No. Yes. No, there's no -- really, so far, there's no other brands that are really growing significantly. There are a few new brands that have come in, but nothing worth noting at this point. They're all still very small. We don't necessarily underestimate them, and we're constantly looking for new entrants because I think they will come and they will have some success. Some brands will have success. This industry is right for disruption. But really, the market dynamic right now is really in Ontario and West, it's a play again between Monster and Red Bull. And in Quebec, it's 3 brand play like, I explained earlier on with Red Bull, Monster and GURU. If you look at the longer term, the brand that's winning in Canada is Monster, Monster is growing faster than Red Bull in the longer term. They had a customer year last year, and it really recovered well this year. But there's no small players that are making any significant gain so far.

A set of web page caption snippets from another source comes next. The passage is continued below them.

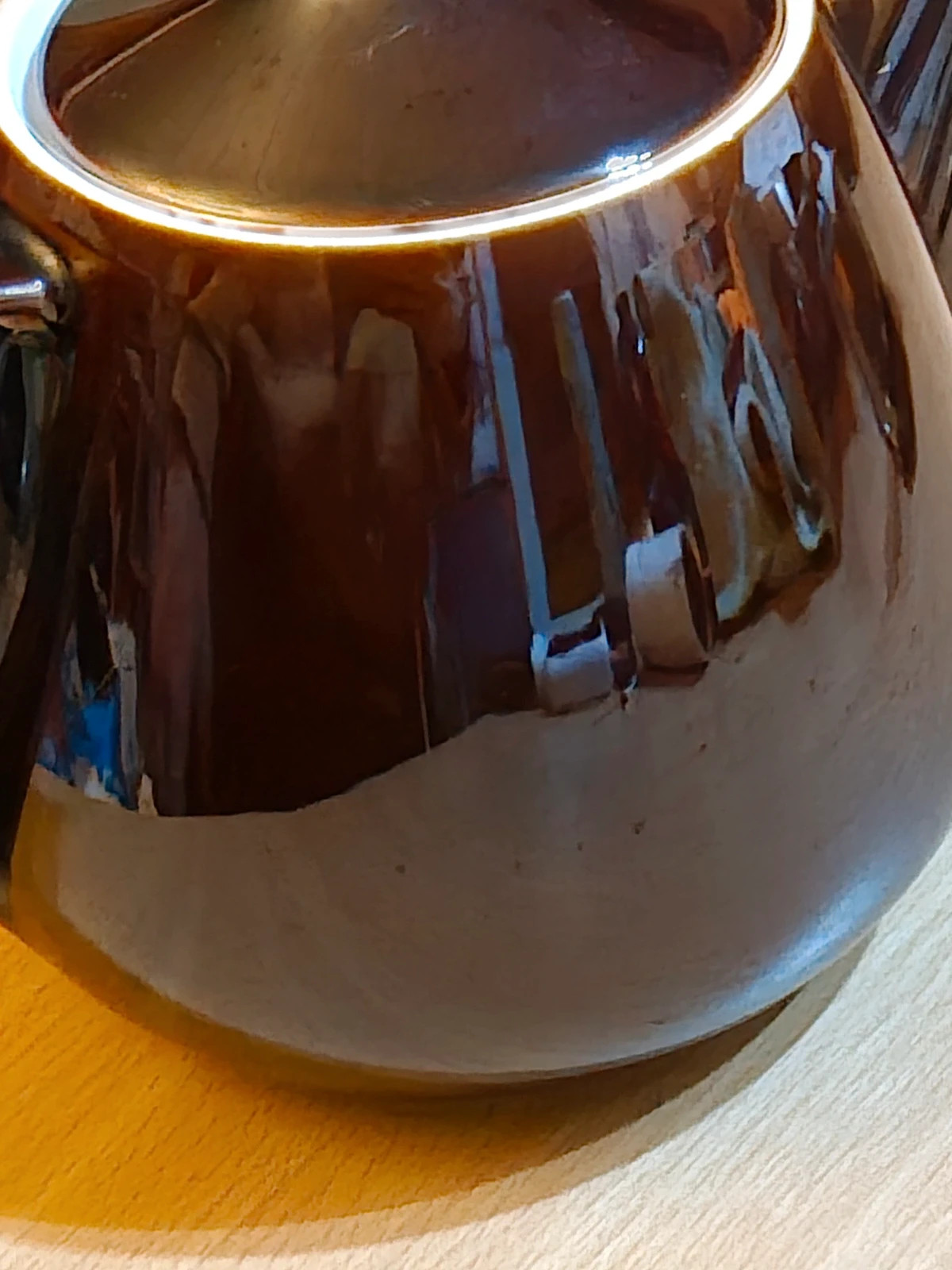 Théière Vintage Villeroy & Boch Luxembourg - Céramique Marron Glacé années 60/70 – Villeroy & Boch 4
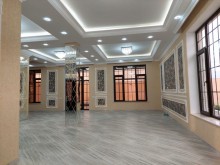 Mərdəkanda dəniz mənzərəli əla təmirli villa satılır, -3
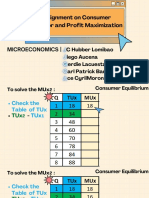 Microeconomics - Assignment On Consumer Behavior and Profit Maximization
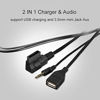 Picture of Audio AMI USB 3.5mm Aux Cable - Keenso 3.5mm USB Adapter AMI MMI Audio Music Interface Cord Charger Cable for S5 Q5 Q7 A3 A4L A5 A1 (1pc) (1 pc)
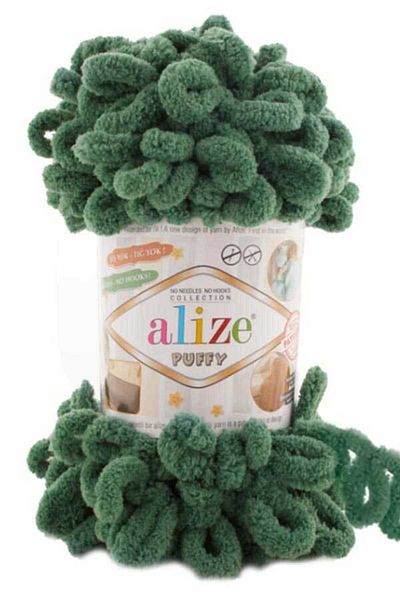Alize ALİZE PUFFY 100 GR ΜΟΝΟ 532 ΠΕΜΠΡΑ ΠΡΑΣΙΝΟ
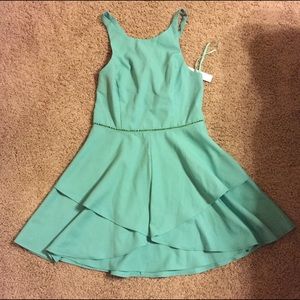 Teal A-line dress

That's helpful. And last question for me. What's the nature of the promotional arrangement with Gradey Dick, is he just getting paid cash? Does he have equity? Does he have some combination? Is it related to actual sales? Or can you -- I mean no dollar figures, but can you give us a sense of what the structure of that deal is?
It's a combination. I'll leave it at combination, unless Ingy, you feel you need to add more, but it's a combination of equity and cash.
Yes. Exactly.
His equity would be option. He hasn't made an investment in the company, right?
Yes. No, I think it's a smaller one, right? So he has made some investments, obviously, it's a publicly traded company so he can buy. And we don't know how much he invested, but the equity part is through stock options.
This concludes our question-and-answer session. I would now like to turn the conference back over to Carl Goyette for any closing remarks.
I just want to thank everyone for attending. Thank you for the analysts for asking great questions and thanks for everybody for supporting us. Have a great fall.
The conference has now concluded. Thank you for attending today's presentation. You may now disconnect.